**DIRECTIONS FOR THIS TASK**
Could you repeat exactly the lines below, from the line containing "Comparison before and" through the last one, both included, while leaving out any pictures?

**THE DATA**

/---

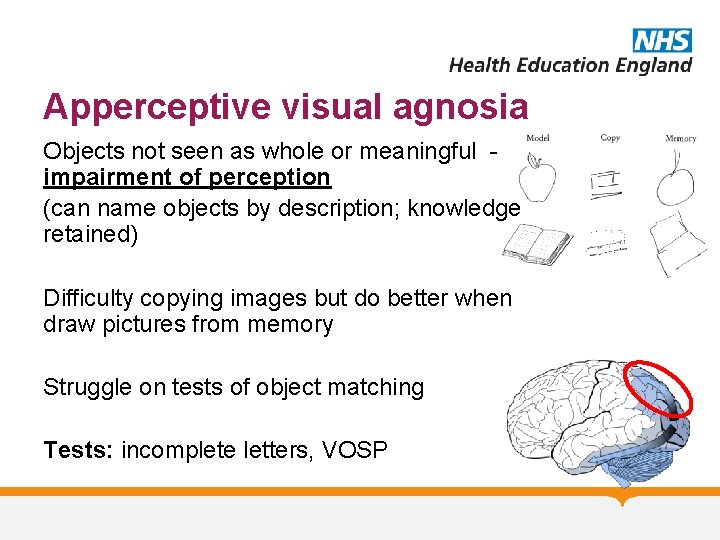 Apperceptive visual agnosia Objects not seen as whole or meaningful impairment of perception (can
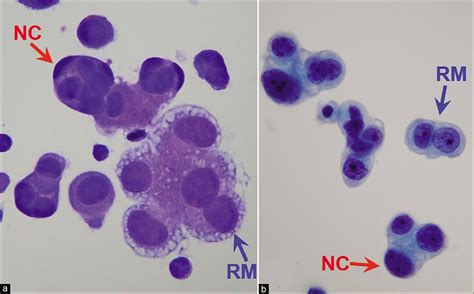 The panorama of different faces of mesothelial cells - CytoJournal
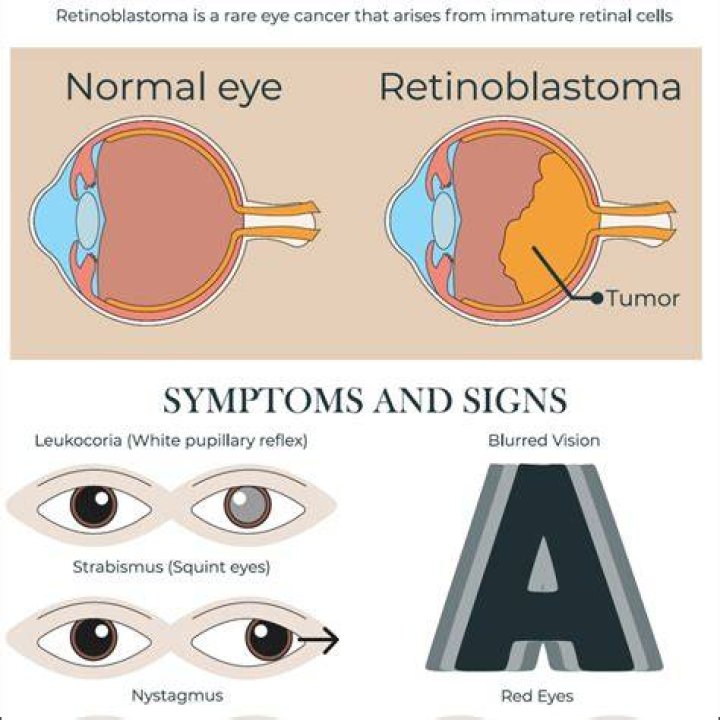 Does retinoblastoma hurt?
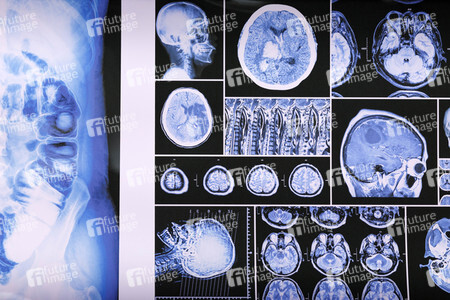 Symbolfoto Kriminaltechnisches Labor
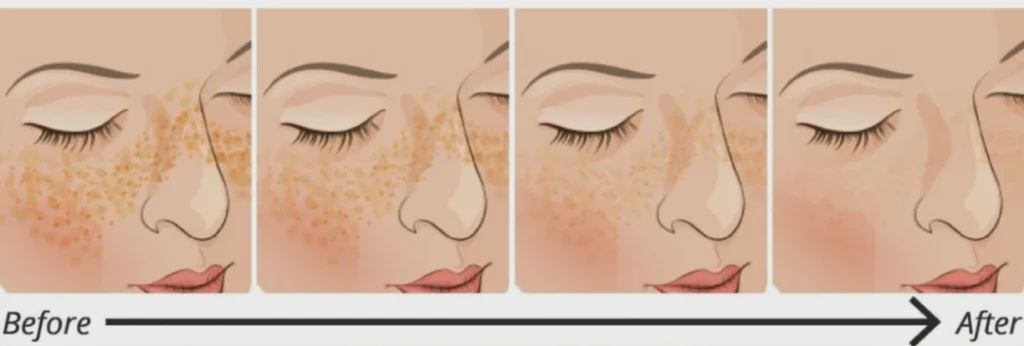 Comparison before and after taking glutathione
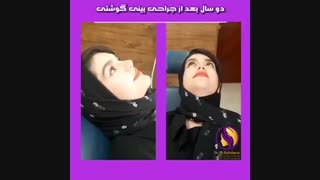 دو سال بعد از عمل بینی گوشتی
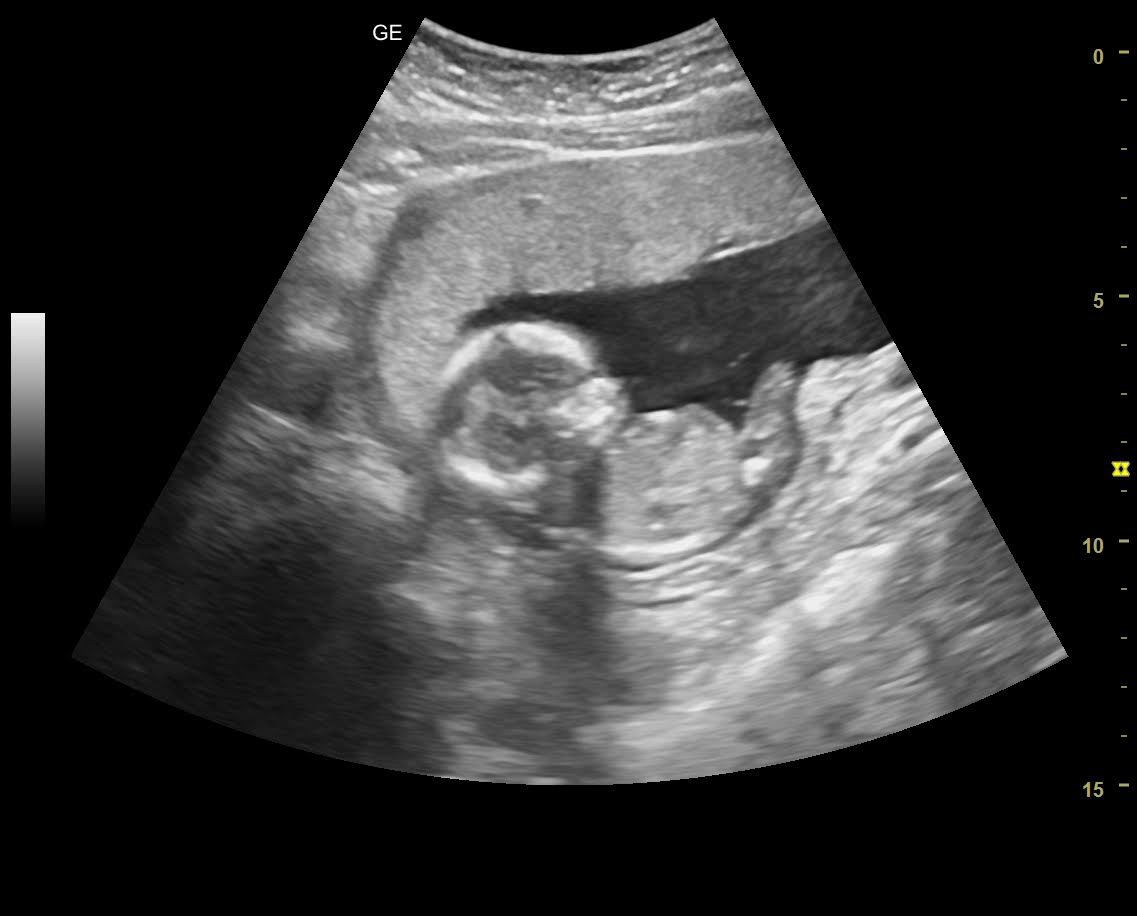 i meet my best friend in february 👑❤️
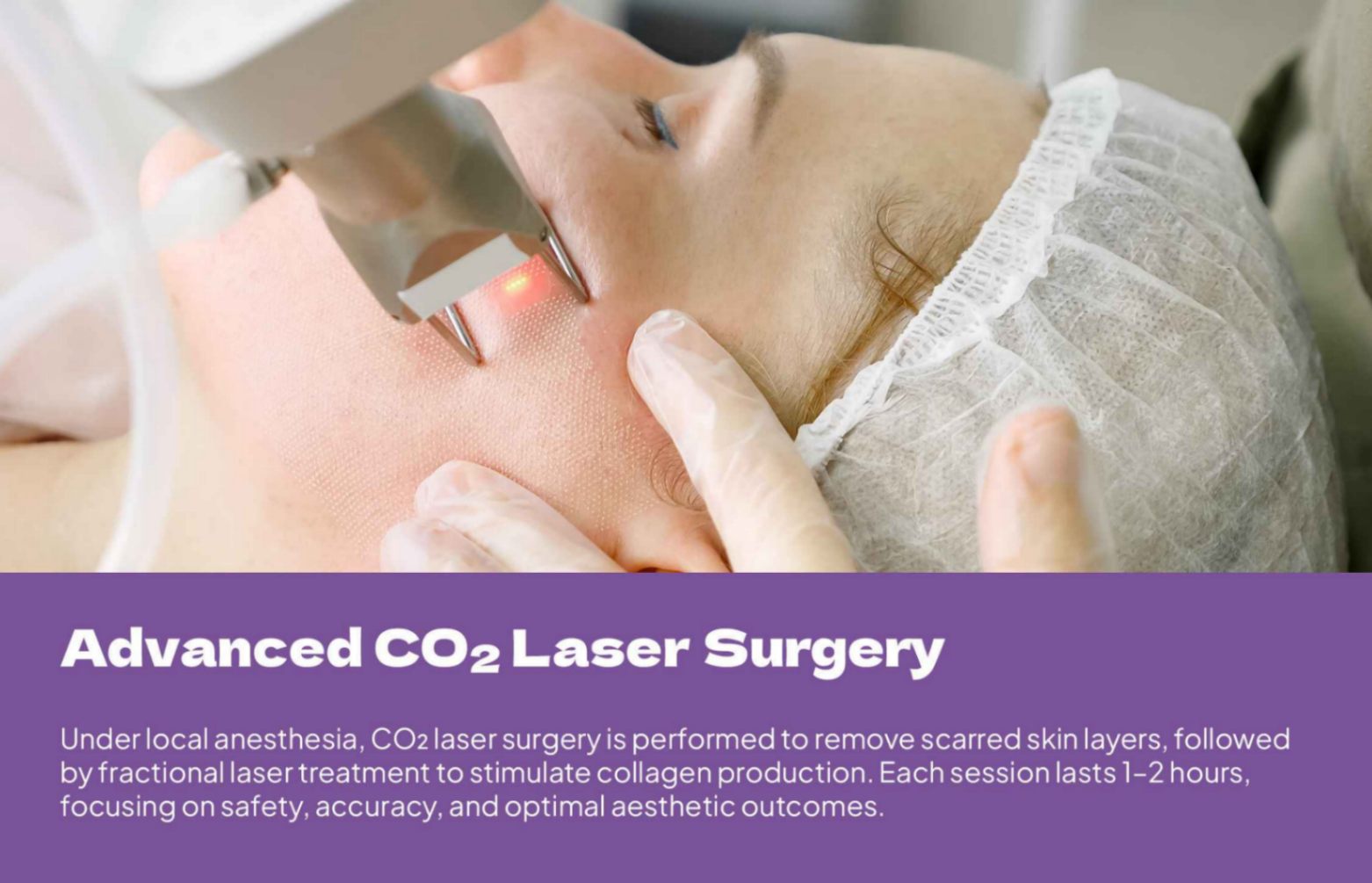 Offline Acne Scar Laser Treatment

\---

**TASK RESPONSE**
 Comparison before and after taking glutathione
 دو سال بعد از عمل بینی گوشتی
 i meet my best friend in february 👑❤️
 Offline Acne Scar Laser Treatment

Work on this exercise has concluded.